Word count program is the big data equivalent of the classic Hello world program. The aim of this program is to scan a text file and display the number of times a word has occurred in that particular file. And for this word count application we will be using Apache spark 1.6 with Java 8.
For this program, we will be running spark in a stand alone mode. So you don't need to setup a cluster. Even Hadoop is not required for this exercise. Assuming you have Spark, Java and Maven installed properly, let's proceed.
Creating pom.xml
To compile Java programs with Maven, you will need a pom.xml file with the required dependencies. Use this pom.xml file if you don't have one available with you.
<?xml version="1.0" encoding="UTF-8"?>
<project>
<groupId>com.freblogg.sparklearning</groupId>
<artifactId>freblogg-spark-tutorial</artifactId>
<modelVersion>4.0.0</modelVersion>
<name>example</name>
<packaging>jar</packaging>
<version>0.0.1</version>
<dependencies>
<dependency>
<!-- Spark dependency -->
<groupId>org.apache.spark</groupId>
<artifactId>spark-core_2.10</artifactId>
<version>1.6.1</version>
<scope>provided</scope>
</dependency>
</dependencies>
<properties>
<java.version>1.8</java.version>
<encoding>UTF-8</encoding>
<spark.version>1.6.1</spark.version>
</properties>
<build>
<pluginManagement>
<plugins>
<plugin>
<groupId>org.apache.maven.plugins</groupId>
<artifactId>maven-compiler-plugin</artifactId>
<version>3.3</version>
<configuration>
<source>${java.version}</source>
<target>${java.version}</target>
</configuration>
</plugin>
<plugin>
<groupId>org.apache.maven.plugins</groupId>
<artifactId>maven-plugin-plugin</artifactId>
<version>3.3</version>
</plugin>
</plugins>
</pluginManagement>
</build>
</project>
Now, save this file as pom.xml and put it in the same folder as your src directory.
Input File
After creating the POM file, you will need an input file on which we will run our Wordcount program, to count the number of occurrences of each word. This is the file I will be using.
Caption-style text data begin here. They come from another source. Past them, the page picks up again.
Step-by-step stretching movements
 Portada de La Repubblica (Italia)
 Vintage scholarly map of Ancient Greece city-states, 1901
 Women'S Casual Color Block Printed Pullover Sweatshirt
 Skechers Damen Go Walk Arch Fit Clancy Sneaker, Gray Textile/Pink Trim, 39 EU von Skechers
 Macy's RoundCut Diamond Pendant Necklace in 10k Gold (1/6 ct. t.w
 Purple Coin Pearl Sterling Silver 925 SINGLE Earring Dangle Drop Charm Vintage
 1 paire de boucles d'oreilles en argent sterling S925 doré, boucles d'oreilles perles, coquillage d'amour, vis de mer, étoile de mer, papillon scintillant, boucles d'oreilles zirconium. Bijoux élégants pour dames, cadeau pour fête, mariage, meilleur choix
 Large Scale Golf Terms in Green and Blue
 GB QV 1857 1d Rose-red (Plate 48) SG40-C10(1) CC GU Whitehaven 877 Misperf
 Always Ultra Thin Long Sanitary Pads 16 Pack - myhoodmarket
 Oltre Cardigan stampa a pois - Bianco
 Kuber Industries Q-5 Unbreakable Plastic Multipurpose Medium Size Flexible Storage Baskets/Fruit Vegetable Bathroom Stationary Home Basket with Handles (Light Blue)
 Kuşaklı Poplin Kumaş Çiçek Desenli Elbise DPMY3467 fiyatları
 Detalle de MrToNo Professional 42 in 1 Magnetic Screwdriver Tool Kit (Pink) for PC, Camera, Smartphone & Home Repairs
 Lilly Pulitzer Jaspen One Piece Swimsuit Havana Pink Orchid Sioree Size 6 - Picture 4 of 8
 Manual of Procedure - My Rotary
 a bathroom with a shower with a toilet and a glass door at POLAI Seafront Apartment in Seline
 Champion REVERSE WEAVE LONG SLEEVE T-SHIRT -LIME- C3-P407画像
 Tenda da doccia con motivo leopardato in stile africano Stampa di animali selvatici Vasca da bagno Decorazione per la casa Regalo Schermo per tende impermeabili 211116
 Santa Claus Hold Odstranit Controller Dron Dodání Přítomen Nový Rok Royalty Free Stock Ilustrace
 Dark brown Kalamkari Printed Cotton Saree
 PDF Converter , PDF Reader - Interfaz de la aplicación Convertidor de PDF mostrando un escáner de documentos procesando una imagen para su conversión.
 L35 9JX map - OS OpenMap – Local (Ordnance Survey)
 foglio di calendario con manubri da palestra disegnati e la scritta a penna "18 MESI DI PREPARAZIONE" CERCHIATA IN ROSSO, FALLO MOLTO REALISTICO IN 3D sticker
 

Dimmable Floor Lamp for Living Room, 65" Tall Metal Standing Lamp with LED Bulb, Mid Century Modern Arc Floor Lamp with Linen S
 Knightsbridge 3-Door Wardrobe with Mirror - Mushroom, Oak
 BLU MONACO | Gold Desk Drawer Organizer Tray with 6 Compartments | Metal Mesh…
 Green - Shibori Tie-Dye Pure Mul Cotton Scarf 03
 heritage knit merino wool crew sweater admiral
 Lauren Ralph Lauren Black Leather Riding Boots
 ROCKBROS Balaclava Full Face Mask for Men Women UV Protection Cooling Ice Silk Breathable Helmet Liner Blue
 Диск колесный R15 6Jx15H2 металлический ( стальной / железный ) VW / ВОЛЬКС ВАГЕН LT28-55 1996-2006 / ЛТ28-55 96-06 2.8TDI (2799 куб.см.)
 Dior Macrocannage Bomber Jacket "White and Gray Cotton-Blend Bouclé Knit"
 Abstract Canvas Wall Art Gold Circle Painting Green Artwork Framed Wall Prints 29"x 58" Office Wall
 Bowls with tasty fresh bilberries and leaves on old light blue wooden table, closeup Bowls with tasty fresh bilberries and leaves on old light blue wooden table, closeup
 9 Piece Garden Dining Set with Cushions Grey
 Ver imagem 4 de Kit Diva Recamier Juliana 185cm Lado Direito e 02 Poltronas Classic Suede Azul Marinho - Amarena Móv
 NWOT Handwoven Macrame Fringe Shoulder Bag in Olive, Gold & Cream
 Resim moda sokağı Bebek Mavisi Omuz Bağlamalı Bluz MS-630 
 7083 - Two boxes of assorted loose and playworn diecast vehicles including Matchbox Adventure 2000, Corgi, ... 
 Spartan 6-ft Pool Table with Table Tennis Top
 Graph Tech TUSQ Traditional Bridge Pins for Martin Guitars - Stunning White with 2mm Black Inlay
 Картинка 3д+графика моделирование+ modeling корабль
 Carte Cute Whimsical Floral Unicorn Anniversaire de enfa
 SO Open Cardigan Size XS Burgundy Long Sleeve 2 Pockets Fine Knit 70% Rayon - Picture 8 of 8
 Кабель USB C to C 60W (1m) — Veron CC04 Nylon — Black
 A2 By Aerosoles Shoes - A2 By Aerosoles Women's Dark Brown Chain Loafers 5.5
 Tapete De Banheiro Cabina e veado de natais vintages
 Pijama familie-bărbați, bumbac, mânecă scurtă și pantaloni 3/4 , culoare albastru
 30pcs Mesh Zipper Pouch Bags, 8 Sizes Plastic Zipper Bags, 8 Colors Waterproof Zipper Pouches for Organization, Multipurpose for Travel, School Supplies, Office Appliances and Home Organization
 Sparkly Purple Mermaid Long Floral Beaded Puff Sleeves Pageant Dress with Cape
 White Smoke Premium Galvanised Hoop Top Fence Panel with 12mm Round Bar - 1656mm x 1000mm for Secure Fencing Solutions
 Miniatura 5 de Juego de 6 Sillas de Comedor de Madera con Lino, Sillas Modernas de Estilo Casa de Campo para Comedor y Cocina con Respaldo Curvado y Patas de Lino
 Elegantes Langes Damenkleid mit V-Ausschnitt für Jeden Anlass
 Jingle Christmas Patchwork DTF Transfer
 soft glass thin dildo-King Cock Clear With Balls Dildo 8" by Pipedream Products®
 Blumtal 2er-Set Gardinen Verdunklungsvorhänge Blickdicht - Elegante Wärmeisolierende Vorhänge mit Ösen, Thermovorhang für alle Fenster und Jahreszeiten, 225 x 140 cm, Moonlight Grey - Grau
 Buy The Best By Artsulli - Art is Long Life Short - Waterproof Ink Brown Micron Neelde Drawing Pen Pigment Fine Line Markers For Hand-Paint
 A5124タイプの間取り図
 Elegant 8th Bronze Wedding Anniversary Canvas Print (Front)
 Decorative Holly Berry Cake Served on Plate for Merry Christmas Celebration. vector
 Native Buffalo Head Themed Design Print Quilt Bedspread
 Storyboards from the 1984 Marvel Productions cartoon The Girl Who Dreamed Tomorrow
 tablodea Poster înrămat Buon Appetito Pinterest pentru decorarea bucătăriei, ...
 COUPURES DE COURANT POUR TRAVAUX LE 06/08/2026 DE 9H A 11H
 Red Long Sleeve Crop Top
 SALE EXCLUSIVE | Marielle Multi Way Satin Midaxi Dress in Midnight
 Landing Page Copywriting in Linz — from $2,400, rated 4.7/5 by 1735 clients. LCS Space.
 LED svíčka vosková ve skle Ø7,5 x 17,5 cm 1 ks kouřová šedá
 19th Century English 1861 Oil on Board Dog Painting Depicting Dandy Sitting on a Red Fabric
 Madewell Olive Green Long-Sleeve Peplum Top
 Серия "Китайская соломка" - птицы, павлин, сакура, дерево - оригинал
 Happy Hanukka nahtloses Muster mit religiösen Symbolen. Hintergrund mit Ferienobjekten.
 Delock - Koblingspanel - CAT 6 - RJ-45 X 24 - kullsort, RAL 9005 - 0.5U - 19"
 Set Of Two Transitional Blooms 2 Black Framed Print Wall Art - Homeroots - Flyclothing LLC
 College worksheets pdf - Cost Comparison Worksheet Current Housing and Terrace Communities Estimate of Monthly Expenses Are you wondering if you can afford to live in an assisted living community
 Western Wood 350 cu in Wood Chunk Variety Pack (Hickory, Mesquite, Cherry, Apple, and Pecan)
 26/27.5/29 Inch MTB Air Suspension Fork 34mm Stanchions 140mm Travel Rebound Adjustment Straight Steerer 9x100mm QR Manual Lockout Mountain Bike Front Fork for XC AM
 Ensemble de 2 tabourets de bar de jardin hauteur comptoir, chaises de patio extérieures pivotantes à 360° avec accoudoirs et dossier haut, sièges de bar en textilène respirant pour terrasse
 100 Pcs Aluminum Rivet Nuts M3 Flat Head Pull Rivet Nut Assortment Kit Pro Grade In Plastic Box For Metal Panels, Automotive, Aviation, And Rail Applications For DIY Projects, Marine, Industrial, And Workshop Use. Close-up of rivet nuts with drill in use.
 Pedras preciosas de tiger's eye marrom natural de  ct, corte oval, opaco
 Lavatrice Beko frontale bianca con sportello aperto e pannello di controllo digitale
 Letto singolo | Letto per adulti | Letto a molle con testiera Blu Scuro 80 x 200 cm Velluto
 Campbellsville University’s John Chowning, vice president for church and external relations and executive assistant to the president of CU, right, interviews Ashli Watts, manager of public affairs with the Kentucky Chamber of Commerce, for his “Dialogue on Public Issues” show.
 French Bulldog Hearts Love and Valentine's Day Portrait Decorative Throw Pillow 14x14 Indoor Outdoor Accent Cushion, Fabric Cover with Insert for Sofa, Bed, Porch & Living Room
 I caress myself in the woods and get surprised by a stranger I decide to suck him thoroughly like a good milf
It is close to midnight and something evil is lurking in the dark Under the moonlight you see a sight that almost stops your heart You try to scream but terror takes the sound before you make it You start to freeze as horror looks you right between the eyes You are paralyzed
Java Program
Once we have the pom file ready, we can start with the code.
import org.apache.spark.api.java.*;
import org.apache.spark.SparkConf;
import scala.Tuple2;
import java.util.Arrays;
public class WordCount {
public static void main(String[] args) {
SparkConf conf = new SparkConf().setMaster("local").setAppName("wordCount");
JavaSparkContext sc = new JavaSparkContext(conf);
// Load our input data.
String inputFile = "file:///home/dsp/Desktop/sparkExamples/sample_testing/resources/inputFile";
JavaRDD < String > input = sc.textFile(inputFile);
// Split in to list of words
JavaRDD < String > words = input.flatMap(l -> Arrays.asList(l.split(" ")));
// Transform into pairs and count.
JavaPairRDD < String, Integer > pairs = words.mapToPair(w -> new Tuple2(w, 1));
JavaPairRDD < String, Integer > counts = pairs.reduceByKey((x, y) -> x + y);
System.out.println(counts.collect());
}
}
Execution
Once we have everything ready, its time to execute our program and see the output.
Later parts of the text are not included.